The Raila Odinga-led Azimio la Umoja-One Kenya coalition has vowed to reject the Bill in its entirety on Tuesday and if unable to stop it, they will resort to the weekly anti-government protests that would equally affect the country’s journey back to economic stability.
Ruto further faces opposition from within his party with some Mt Kenya legislators, led by Githunguri MP Gathoni Wa Muchomba, dismissing the new taxes as “oppressive” and an affront to the economic prosperity of the region.
“Even after the amendments made after the second reading, the Bill is oppressive to businesses and risks driving investors out of the country. The investors are likely to move to more favourable tax regimes in neighbouring counties,” Wa Muchomba said.
Ruto understands the need to deliver on his first term to keep his support base intact in readiness for the 2027 political duel.
“Many people tell me I should think about my second term. My second term will be meaningless if my first achieves nothing. I am not here so that I can have a second term, I am here because I want to make a difference. Kenyans have given me an opportunity to make sure we remove slums, create jobs and improve our manufacturing. I am focused on that, the second term will sort itself out,” said the President during Kenya’s first urban forum earlier this week.
Political pundits now argue that should Ruto choose to go the tax route, he should be ready to tame the run-away corruption in government and its agencies and implement reforms in the judiciary to inspire confidence from the public that their billions will be well administered.
On the flip side, they warn that Ruto’s intensified dalliance with the Bretton Wood Institutions could deal him a political blow ahead of the 2027 general polls.

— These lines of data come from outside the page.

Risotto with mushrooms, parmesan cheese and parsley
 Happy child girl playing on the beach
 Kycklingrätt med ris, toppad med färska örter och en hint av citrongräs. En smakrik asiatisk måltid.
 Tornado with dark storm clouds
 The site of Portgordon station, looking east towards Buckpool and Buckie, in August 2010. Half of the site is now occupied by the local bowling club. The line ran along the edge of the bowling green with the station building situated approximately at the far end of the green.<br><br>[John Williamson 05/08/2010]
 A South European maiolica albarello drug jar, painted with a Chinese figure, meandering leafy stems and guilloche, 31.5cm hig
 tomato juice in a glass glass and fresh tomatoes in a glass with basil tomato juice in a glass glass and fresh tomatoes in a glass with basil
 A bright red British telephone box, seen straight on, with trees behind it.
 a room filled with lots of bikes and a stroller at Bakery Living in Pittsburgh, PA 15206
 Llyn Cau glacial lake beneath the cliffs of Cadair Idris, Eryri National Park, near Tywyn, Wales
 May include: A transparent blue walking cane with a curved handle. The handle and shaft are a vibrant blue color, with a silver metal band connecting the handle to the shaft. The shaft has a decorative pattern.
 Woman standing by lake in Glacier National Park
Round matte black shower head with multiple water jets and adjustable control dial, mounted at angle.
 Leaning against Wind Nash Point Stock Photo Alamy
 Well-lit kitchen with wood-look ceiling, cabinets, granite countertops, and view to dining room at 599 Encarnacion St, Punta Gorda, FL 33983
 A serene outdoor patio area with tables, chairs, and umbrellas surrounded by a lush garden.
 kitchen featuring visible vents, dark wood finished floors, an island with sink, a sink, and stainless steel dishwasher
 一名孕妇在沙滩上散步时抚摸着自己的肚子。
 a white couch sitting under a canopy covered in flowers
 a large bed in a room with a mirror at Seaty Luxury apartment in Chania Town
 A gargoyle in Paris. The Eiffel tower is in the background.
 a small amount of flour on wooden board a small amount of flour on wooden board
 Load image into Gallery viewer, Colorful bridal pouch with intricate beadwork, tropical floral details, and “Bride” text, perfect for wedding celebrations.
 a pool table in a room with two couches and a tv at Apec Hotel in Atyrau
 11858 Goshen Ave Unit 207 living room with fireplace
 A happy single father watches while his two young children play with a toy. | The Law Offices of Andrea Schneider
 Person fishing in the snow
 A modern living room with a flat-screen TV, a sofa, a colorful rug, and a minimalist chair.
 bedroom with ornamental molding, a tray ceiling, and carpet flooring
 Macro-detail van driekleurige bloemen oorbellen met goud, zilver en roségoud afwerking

“The taxation measures Ruto seeks to implement which are causing a lot of friction are not going to raise enough revenue to get us out of economic plunder and are not worth it. If you measure the money going to be collected through a doubling of the VAT, for instance, versus the anger that it is causing, then Ruto is better off listening to the people and abandoning the tax measures,” said Pro Herman Manyora, a political commentator.
He further warned: “Ruto’s excessive leaning towards the IMF will only lead him to where it has led other governments, which is to conflict, and this will cost him his re-election bid.”
Another political analyst, Tom Mboya, warned that Ruto’s move to implement punitive taxes would only impact him politically in the short term and that he has time to win back the masses before the next elections.
“The truth of the matter is that we as Kenyans are damned if he does and damned if he doesn’t. We should brace ourselves for tougher times either way. The bigger question should however be whether the Finance Bill has a solid plan to put us on a path to economic recovery,” said Mboya.